Eighteen months on they don't look quite so demanding. The WPP share price topped 250p yesterday, well above the 230p target price that delivers Mr Sorrell his pounds 3.6m initial payout, not counting his already princely salary, bonuses, pensions and the like. Sure, the shares have to maintain their target levels for 60 consecutive days, and yes, the company must outperform the market, but both requirements look within reach.
Mr Sorrell has to hit 265p to get the next tranche of shares and then 304p by September 1999 to get the full whack of about pounds 27m, of which pounds 14m at least will be in the form of free shares.
Will he go all the way? Analysts are beginning to think so. Advertising spend was up by between 6 and 7 per cent in 1996, but WPP, following Mr Sorrell's restructuring efforts, saw its revenues climb by nearly 9 per cent and margins widen to more than 10 per cent. Pre-tax profits should grow to pounds 185m next year. If investors were willing to give WPP the same measure of support they award to the sector leader, Abbott Mead Vickers - which trades on more than 20 times next year's earnings - the shares would already be high enough for Mr Sorrell to get the full package.
That the shares are still on a rather subdued 16 times earnings is a measure of the City's caution at backing Mr Sorrell a second time. He's already lost one fortune. Many are still furious that he's been given the chance to rebase and make himself a packet merely by returning the company to where it once was. To be fair on Mr Sorrell, he has managed, through some energetic cost-cutting and some excellent client prospecting work to get the show back on the road.

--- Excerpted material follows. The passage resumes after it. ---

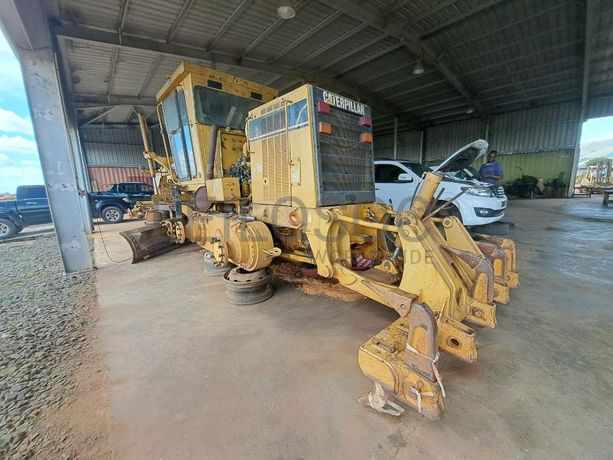 Niveladora Caterpillar 160H · Samba Caju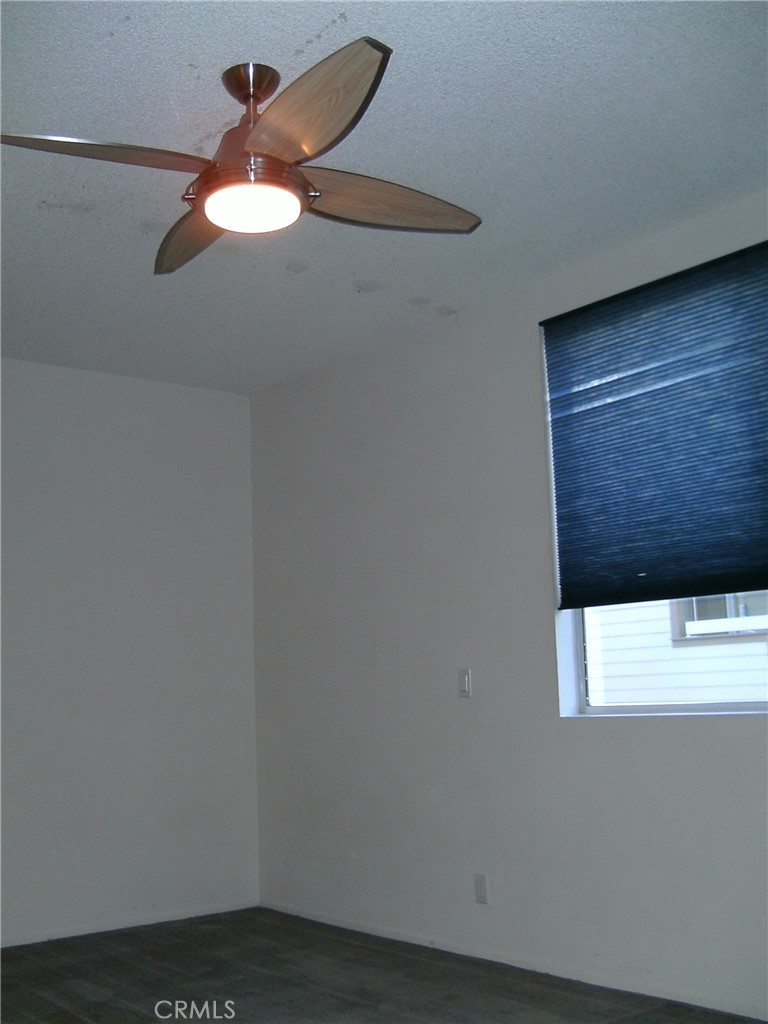 11150 Glenoaks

There is still a chance the shares will continue to underperform, depriving Mr Sorrell of his pile. But with two pretty decent years for the economy and advertising ahead of him, and with most analysts projecting better- than-average growth at WPP, the chances he will see his way into the serious money have to be rated as reasonably good and getting better. If these are tough targets, it makes you wonder about the softer ones enshrined in many an executive long-term incentive plan.
De Beers casts Russia stony looks
News that Russia is set to sign a deal with the Central Selling Organisation will be met with scepticism by De Beers, the South African minerals giant which controls the diamond sales cartel. The last agreement between Russia's biggest diamond producer and the South Africans ran out a year ago and the negotiations to renew it ended in the autumn. Today's already twice- extended deadline for a new deal is almost certain to be breached.
Both sides claim to have been suffering from the ragged end to the old arrangements. De Beers has complained bitterly of the "leakage" of Russian rough diamonds, nominally intended for domestic use, on to international markets. The result has been to blow a hole in the CSO's dominance of the world diamond "market".
Not that it shows. Last year set another record for world-wide diamond sales, which rose 7 per cent to $4.83bn. Prices have also been rising, despite Russia. De Beers managed a 3 per cent rise on average in July.
Is the CSO a bad thing? The European Commission appears to be able to live with it, even if the Americans cannot. The truth is, however, that its partial breach seems to have done De Beers little harm. It might even persuade the company to step up its marketing efforts. Spurred by the cessation of hostilities in the Middle East, the company mounted its first advertising campaign in the Gulf earlier this year, while the Pacific Rim represents a vast and as yet under-exploited potential market. It may be that a dose of free market competition from the Russians would do everyone some good.